The Clash en version senior? Il fallait oser, pour sûr. Le résultat, qui ouvre Young@Heart, un réjouissant documentaire du réalisateur britannique Stephen Walker, n’en est pas moins absolument probant. Son titre, il l’emprunte au nom d’une chorale américaine dont la moyenne d’âge flirte allègrement avec les 80 ans, et qui s’est fait une spécialité, sous la direction éclairée de Bob Cilman, de se réapproprier, depuis le début des années 80, des classiques rock et punk. Au programme des sept semaines de répétition et du concert autour duquel s’articule ce film: I Feel Good de James Brown (titre d’exploitation en France, d’ailleurs), Road to Nowhere des Talking Heads, Purple Haze de Jimi Hendrix, Fix You de Coldplay, Schizophrenia de Sonic Youth. On en passe, et des meilleures, parmi lesquelles une imparable version du I Wanna Be Sedated des Ramones.

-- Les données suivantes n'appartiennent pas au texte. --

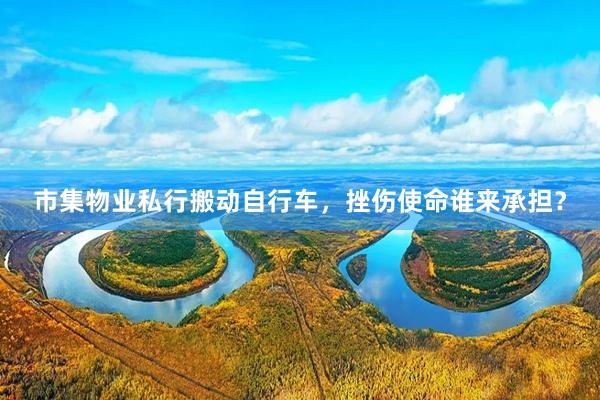 市集物业私行搬动自行车,挫伤使命谁来承担?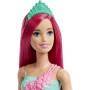 MATTEL BRB Panenka Barbie kouzelná princezna Dreamtopia 4 druhy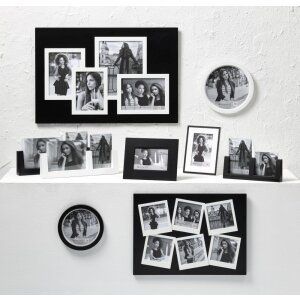Portafoto Amici 10x15 cm nero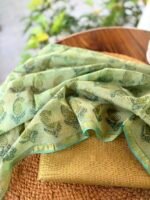 SILK COTTON TOP AND CHANDERI SILK DUPATTA - Image 3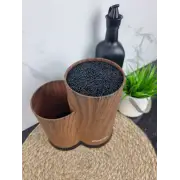 Подставка для ножей и кухонных принадлежностей двойная 22см 7609A ᐉ 7609A - - класная цена в ProPosud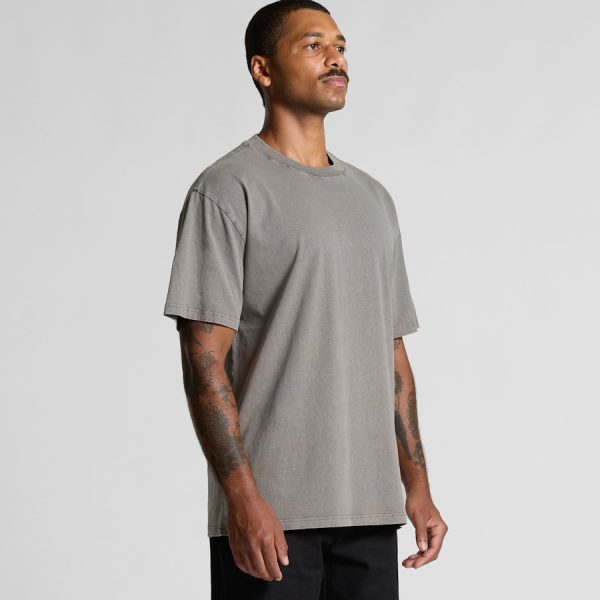 AS Colour Mens Heavy Faded Tee - 2.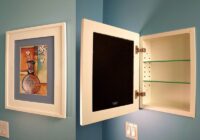 You won't believe what's behind our picture frames... hidden storage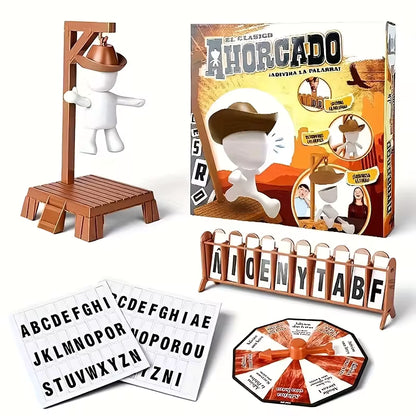 Juego de mesa familiar - El Ahorcado – Clásico juego que conecta Familias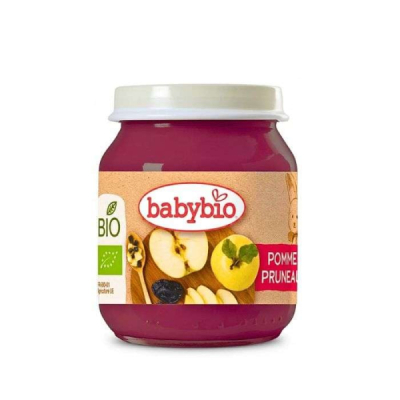 BABYBIO - Pot pomme pruneau 6 mois+ 130 g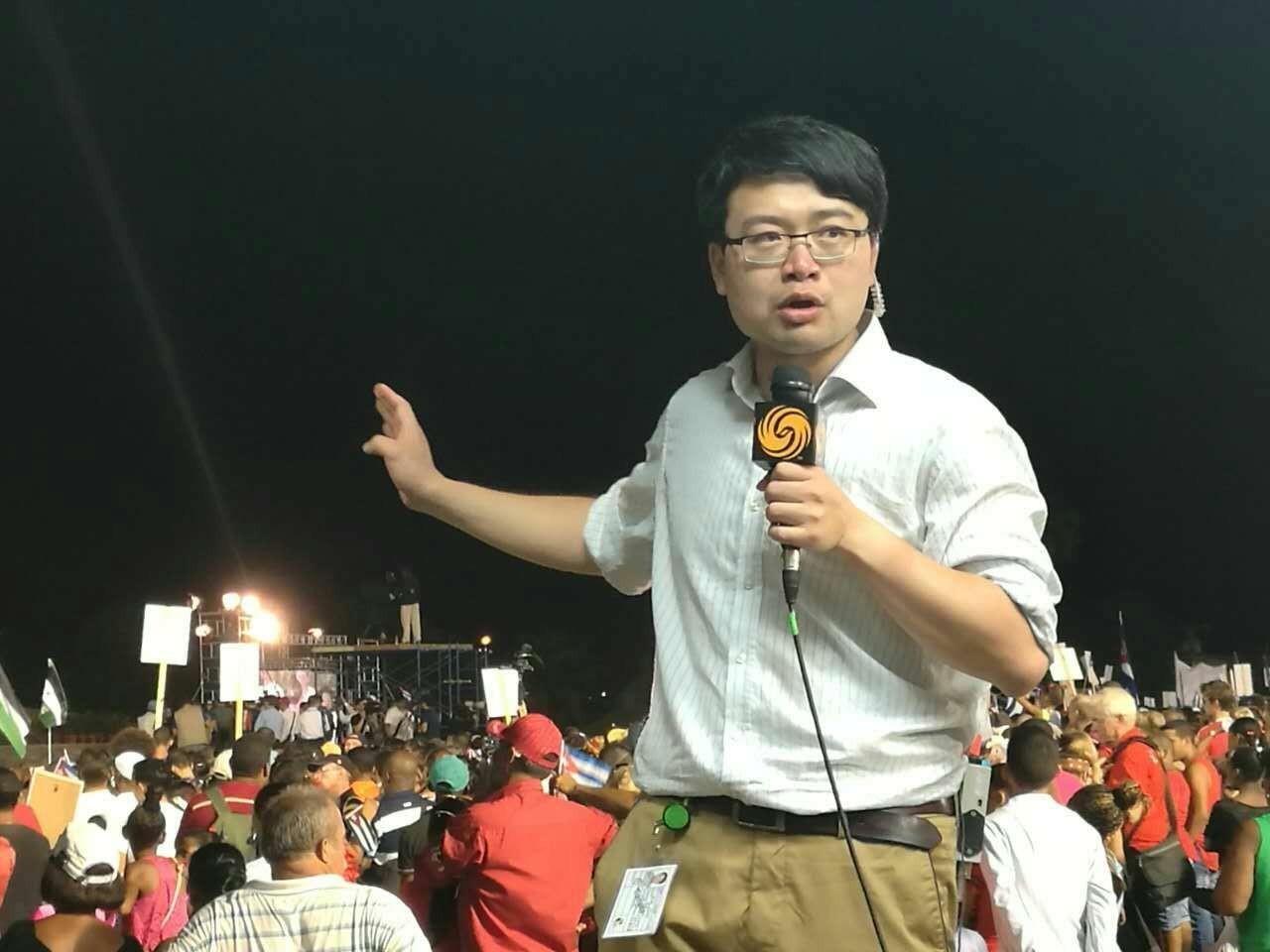 卡斯特罗死前演讲,卡斯特罗死前采访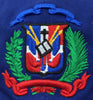 Escudo Republica Dominicana - Dominican Shield Royal / Full Color Dad Hat2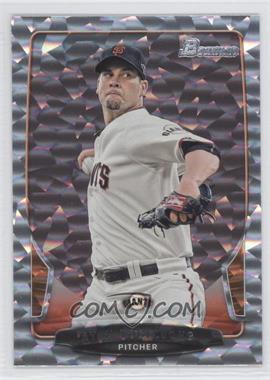 2013 Bowman - [Base] - Silver Ice #16 - Ryan Vogelsong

What a Drag It Is Getting Old…

Une playlist, aussi solide soit-elle, ne suffit toutefois pas à faire le bon groupe de reprises, et c’est, du reste, bien l’une des questions qui taraudait Stephen Walker lorsqu’il entendit parler, pour la première fois, de Young@Heart :  » Sally George, ma compagne, et moi venions de fonder notre société de production, Walker George Films, et étions à la recherche de sujets lorsqu’elle a acheté des tickets pour un de leurs shows londoniens. C’est peu dire que je n’étais pas très chaud, et je m’étais déjà préparé à m’esquiver si le résultat s’avérait vraiment embarrassant. Mais j’ai été complètement bluffé. Par le public d’abord: la salle était bourrée, et toutes les tranches d’âge étaient représentées. Et par la réaction des spectateurs ensuite, qui a été tout bonnement incroyable: ils rentraient vraiment dans la musique. Moi-même, j’ai été complètement estomaqué par la dimension de leurs voix. »

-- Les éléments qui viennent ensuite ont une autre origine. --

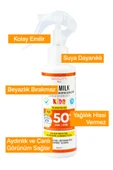 BEAUTY FACE 50 Spf Yüksek Koruma Faktörlu Çocuklara Özel Çocuk Güneş Sütü -150 ml - 4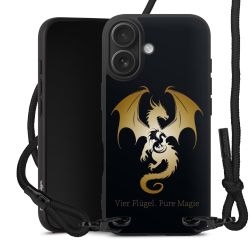 Carry Case Black Line Fabric black/matt black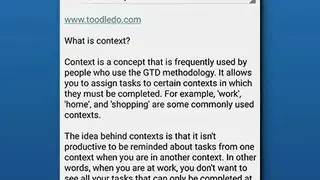 Toodledo – To Do List screenshot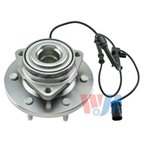 InMotion WA515093 Wheel Bearing and Hub Assembly - Front - view 1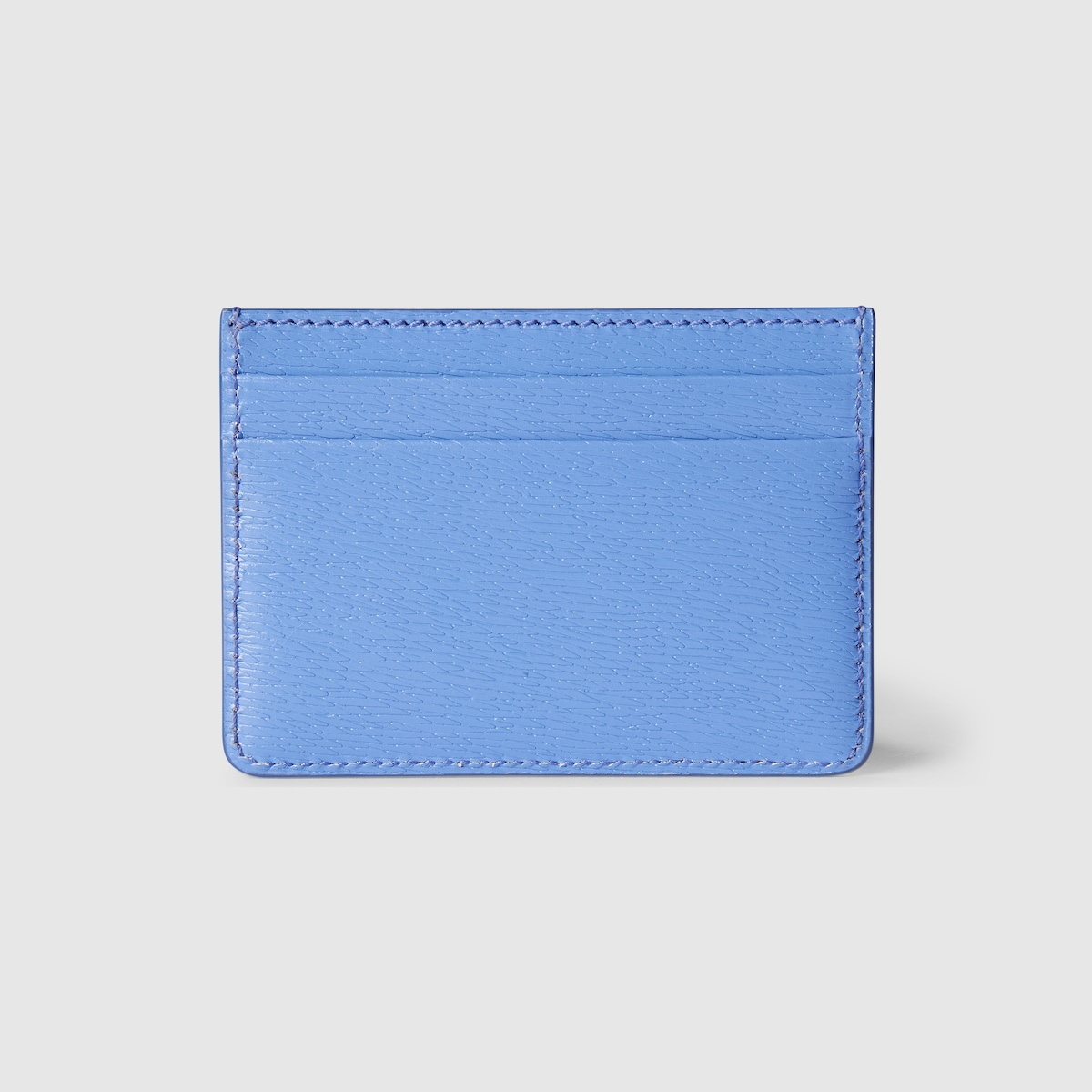 Card case with Gucci script - 4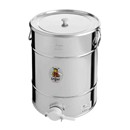 Posoda za med 50 kg, PVC pipa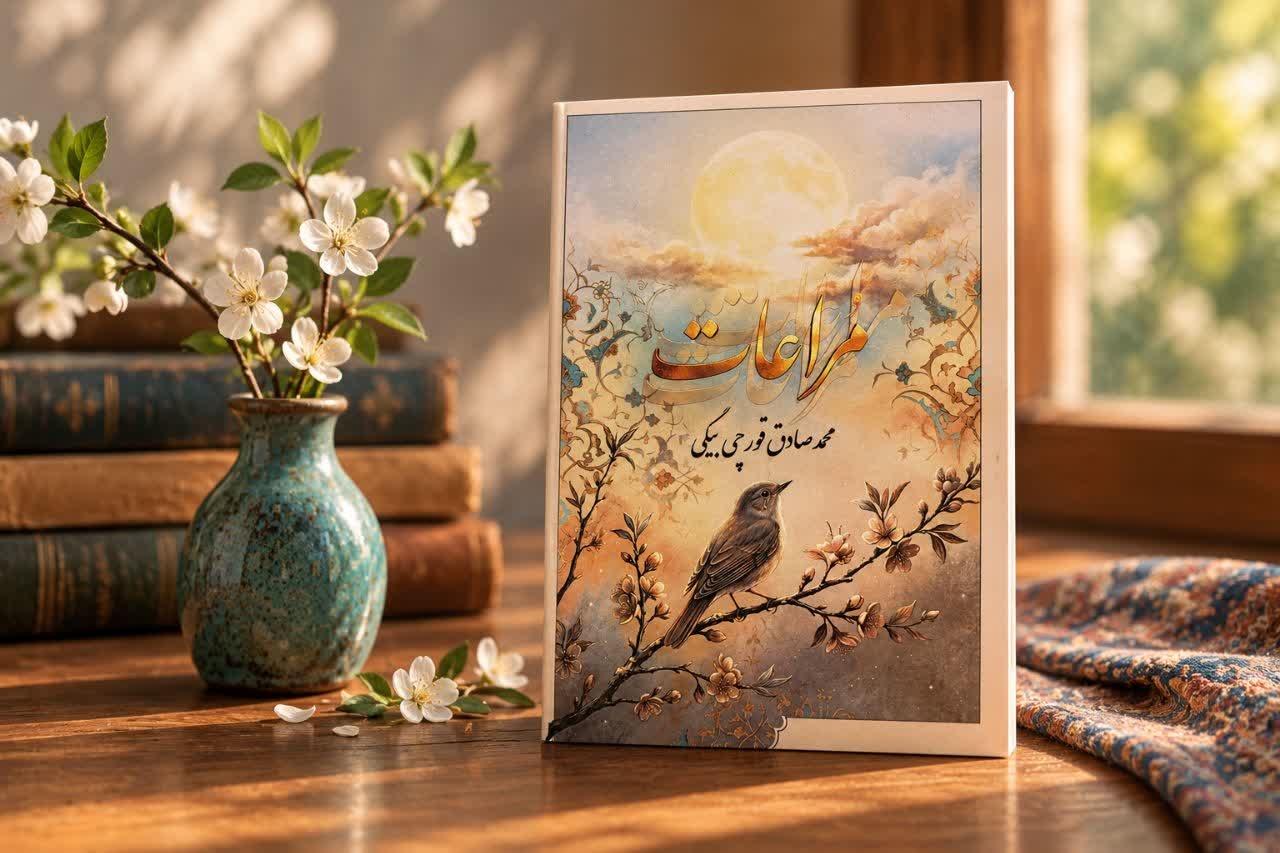 کتاب شعر «مراعات» منتشر شد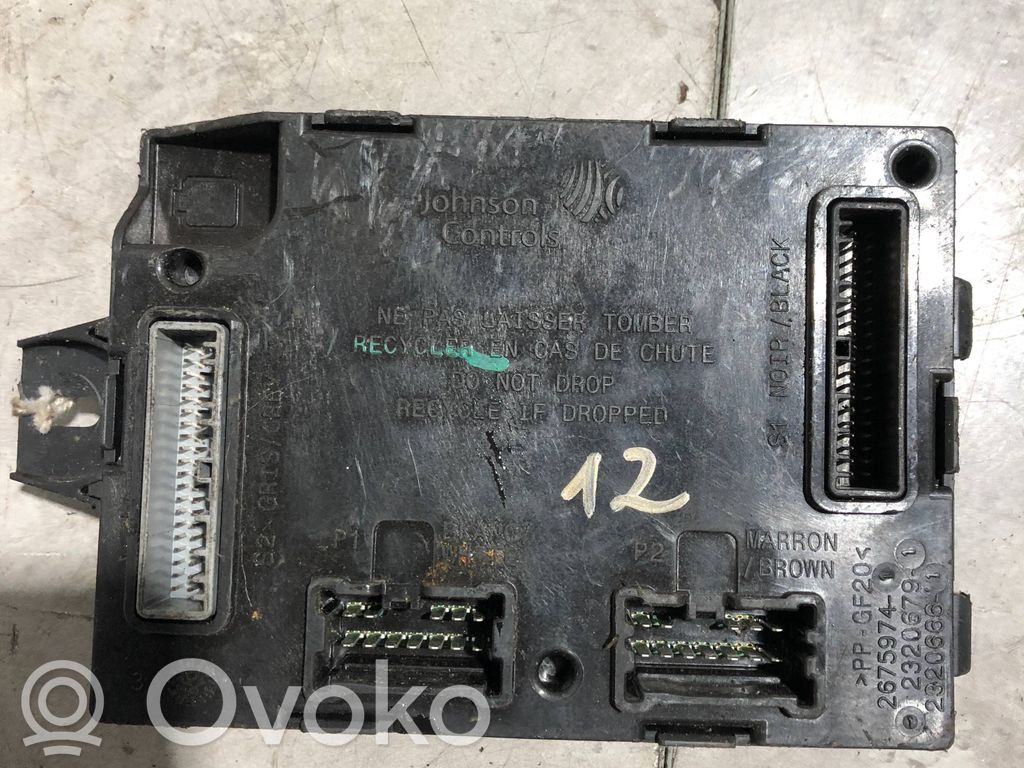 Renault Trafic III (X82) Other control units/modules 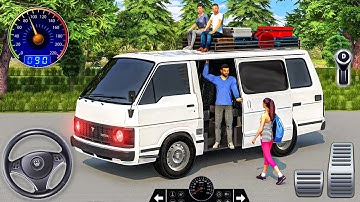 Offroad Bus Sim Driving - Real Uphill Bus Drive 3D Simulator - Android GamePlay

Voilà pour la première impression. A laquelle s’en greffera rapidement une autre, plus fondamentale:  » J’ai aussi été séduit par la façon dont ces chansons prenaient un tout autre sens une fois qu’elles étaient chantées par des vieilles personnes. Should I Stay or Should I Go , interprété par une femme de 93 ans, devient une chanson sur la vie et la mort. Et que dire, bien sûr, d’une phrase comme What a Drag It Is Getting Old dans Mother’s Little Helper des Stones. Ou d’autres exemples moins évidents, comme Fake Plastic Tree de Radiohead, qui parle de chirurgie plastique… »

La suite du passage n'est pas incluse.